FloconDeNeige
Member
From: Sydney
Registered: 2008-11-26
Posts: 26
So I'm in Japan right now studying with the local kids. Don't be fooled. My japanese is HORRIBLE! When I first got here I was making steady improvements talking and reading and my listening has really improved a LOT just sitting in the classes but some shit went down back home, I spent two weeks without speaking and bam! All gone -_-. I can barely string a sentence together.
Now I feel a bit lost on how I should go about this coz I feel my study schedule isnt all that. My normal schedule is this:
I input new words from my textbooks into anki and looking up grammar rules but I find that my problem isnt with reading/writing but the words I do know I can't seem to recognize when people speak to me which is a little strange and really fustrating.
Also grammar. How can I cement grammar rules into my mind. I just put some rules in my anki but it feels a bit forced. I mean it's good for reading/writing but I have to think too long about the rules it's pointless for speaking. It just isn't natural.
So any advice would be really appreciated. Feel like I'm lacking heaps of motivation now that I had that break. Any advice would be appreciated

Last edited by FloconDeNeige (2012 June 06, 10:24 pm)
Marble101
Member
From: New Jersey USA
Registered: 2011-09-05
Posts: 112
I'm assuming your textbook has no audio tapes.
Find Japanese Audio or Videos with Japanese Subtitles (youtube videos, subbed dramas, movies, the news even) and listen to it while looking at the subtitles. Eventually, you will find a word you recognize in the Subtitles and hear how it should be pronounced.
For example, I was listening to a song and one of the words was Kasabuta (scab). I thought is was pronounced Kaa-Saa-Boo-Taa, but the guy said it Kaa-Sa-Bu-Ta. But now, I know what it should sound like, and how to say it.
It takes a lot of input and a lot of time.
When you're reading a book, you can go as slowly as you need to -- so you can get those words that take you a second to retrieve from your memory. When you're hearing spoken Japanese and it's coming at you at 250 words a minute, your brain has to deal with turning the continuous stream of sound you're hearing into words, and it's going to trip over any words that aren't 100% automatic.
If you can supplement your academic texts with anything that's closer to real extemporaneous speech, especially closed-captioned/subtitled TV, I think that will help. But read more in general, read more that's non-academic, and listen more. Anki can only help part of the way because it's only going to show you a limited number of contexts (if any), and to get a word or a grammar point to that place where you it 100% and can remember it any time you need to, you have to see it a lot of times in a lot of different contexts.
EWLameijer
Member
From: Leiden Netherlands
Registered: 2011-02-24
Posts: 16
As far as we know (and the OP apparently noticed as well), people are not very well suited to learn to speak grammatically by cramming grammar rules and trying to use them to produce sentences on the fly. Actually, children learn grammar by being exposed to loads of speech (in their native tongue) and imitating/trying out/being corrected; second languages seem to be learned most efficiently by things like 'book flood projects' (http://en.wikipedia.org/wiki/Book_flood)

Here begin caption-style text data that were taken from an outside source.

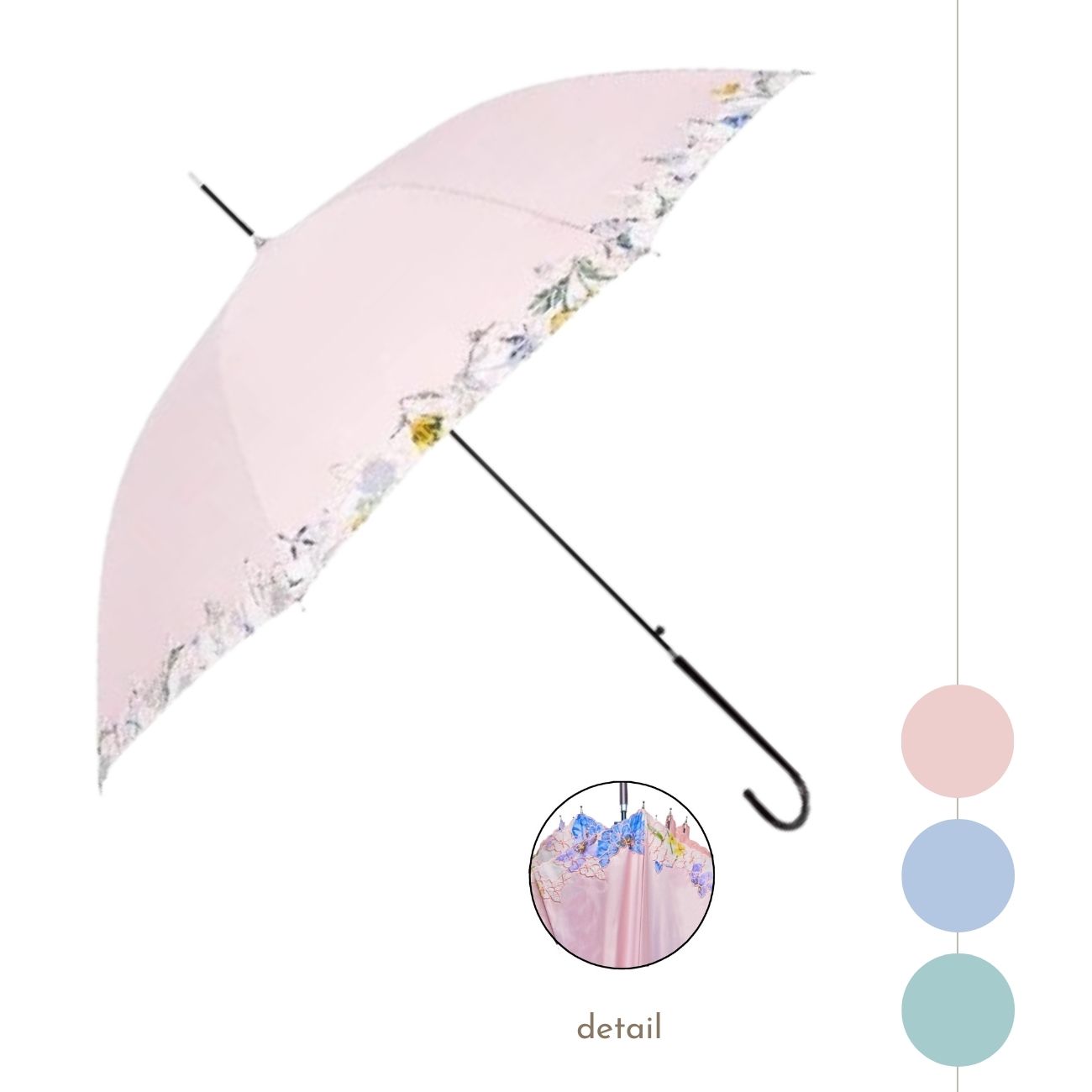 全場我最涼|日式花卉刺繡直立傘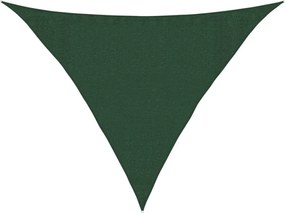 vidaXL Pânză parasolar, verde închis, 3,5x3,5x4,9 m, HDPE, 160 g/m²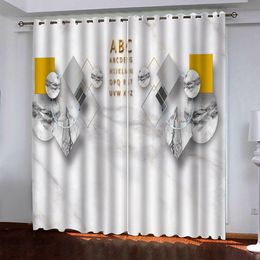 2021 Home Decor 3D Blackout Curtain Living Room Creativity Photo Window Curtains Modern Fashion Room Curtain Drapes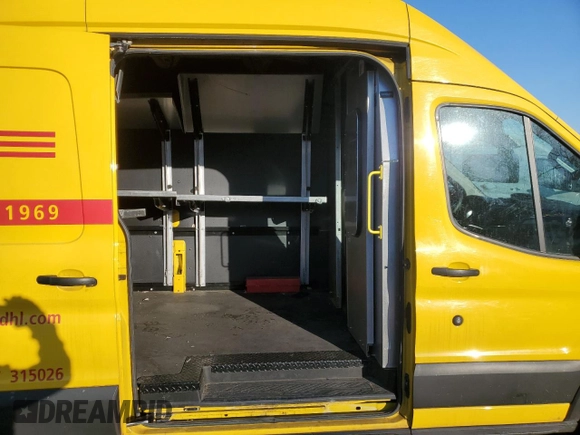2019 Ford Transit z VIN 1FTYR3XM3KKA24867, wystawiony jako Copart lot #41742215 z przebiegiem 86 358 mil mil oraz Szkoda całkowita • Salvage title. Historia ofert i sprzedaży dostępna na DreamBid. Obrazek 11.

In theory, I think it would be a good start to first find some Japanese texts you like and spend time each day reading them aloud; that may give you a feeling for the flow of the language. A variant that may be even more effective may be to read the sentence silently first, then think about the meaning, what the writer is trying to express and why he is trying to express it, and only then read the sentence aloud; for the secret is not to regurgitate texts as if they are magic formulas, but to connect it to how you would use the sentence in your everyday life. If reading language is too stilted, you may try use subtitled TV dramas or anime instead 
When that becomes easy, you may want to try translate some sentences to your native tongue, and the next day reconstruct the Japanese sentences from your notes, using grammar books or Japanse friends for the cases where you were wrong.
I don't think that getting your speaking skills to 'near Japanese' level will be easy even with this method, but this is the best I can think of on the basis of what I currently know about learning theory in general and foreign language learning in particular.